Data records
══════════

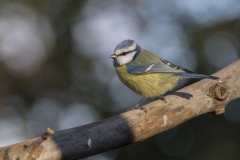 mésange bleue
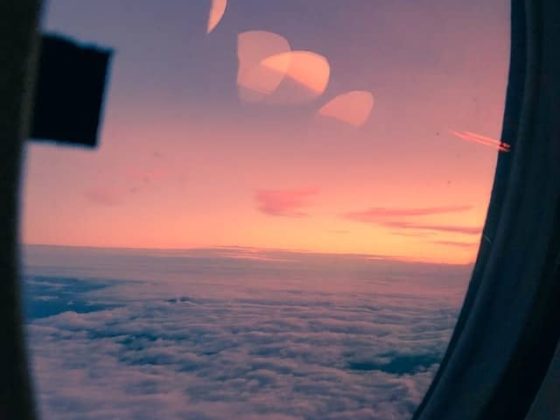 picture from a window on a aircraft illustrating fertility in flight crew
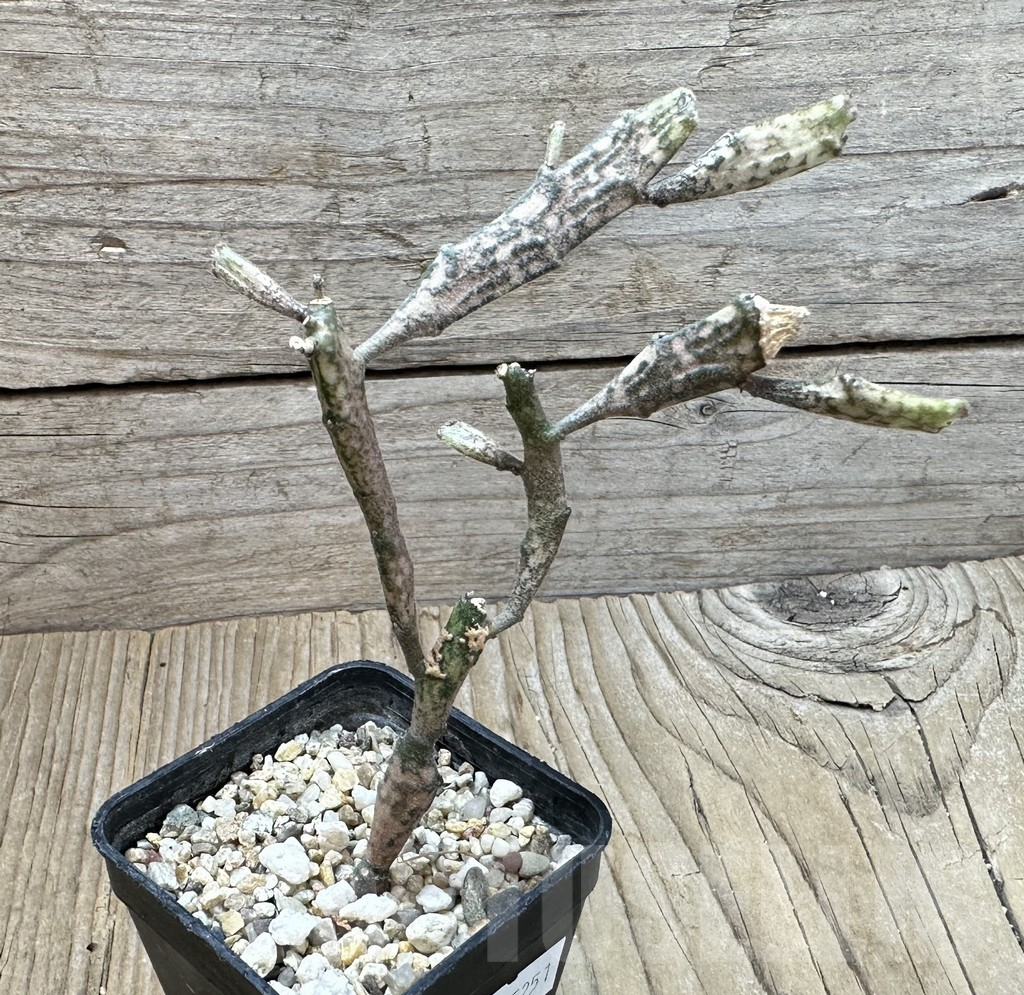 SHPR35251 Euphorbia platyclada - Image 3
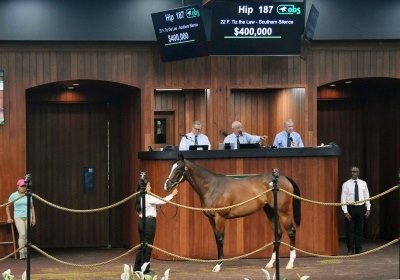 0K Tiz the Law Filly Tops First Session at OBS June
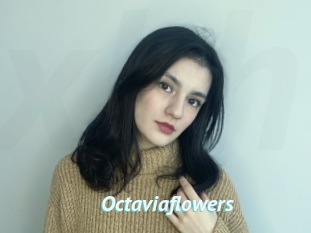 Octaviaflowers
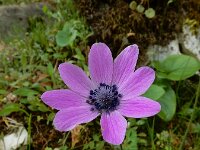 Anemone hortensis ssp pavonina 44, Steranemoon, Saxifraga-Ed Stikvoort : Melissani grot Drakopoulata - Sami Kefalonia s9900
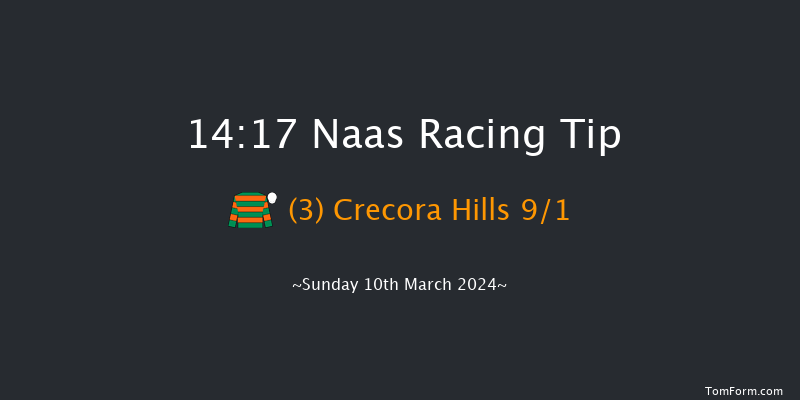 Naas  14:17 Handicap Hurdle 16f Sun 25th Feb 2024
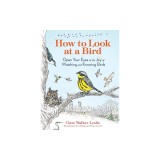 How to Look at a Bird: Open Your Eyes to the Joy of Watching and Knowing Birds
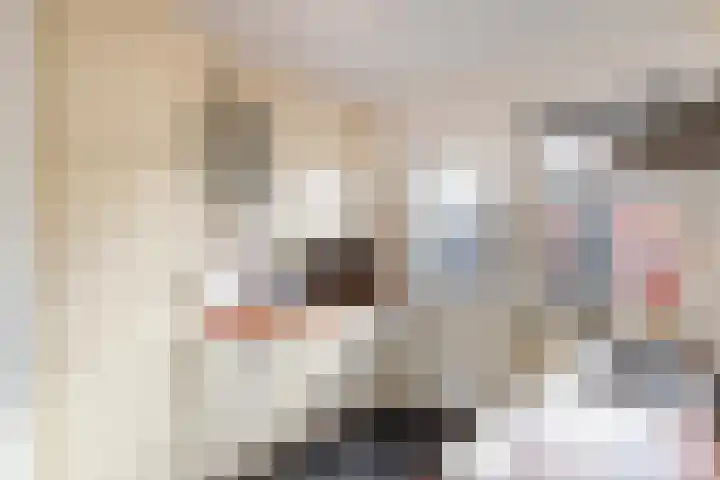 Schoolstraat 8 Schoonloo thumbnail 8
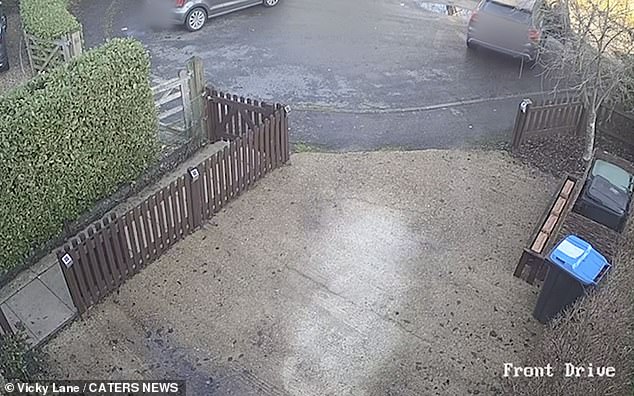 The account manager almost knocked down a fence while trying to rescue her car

══════════

(TASK GOAL):
An exact copy of every record above is required, with all pictures omitted.

(RESULT OF THE TASK):
 mésange bleue
 picture from a window on a aircraft illustrating fertility in flight crew
 SHPR35251 Euphorbia platyclada - Image 3
 0K Tiz the Law Filly Tops First Session at OBS June
 Octaviaflowers
 Anemone hortensis ssp pavonina 44, Steranemoon, Saxifraga-Ed Stikvoort : Melissani grot Drakopoulata - Sami Kefalonia s9900
 Naas  14:17 Handicap Hurdle 16f Sun 25th Feb 2024
 How to Look at a Bird: Open Your Eyes to the Joy of Watching and Knowing Birds
 Schoolstraat 8 Schoonloo thumbnail 8
 The account manager almost knocked down a fence while trying to rescue her car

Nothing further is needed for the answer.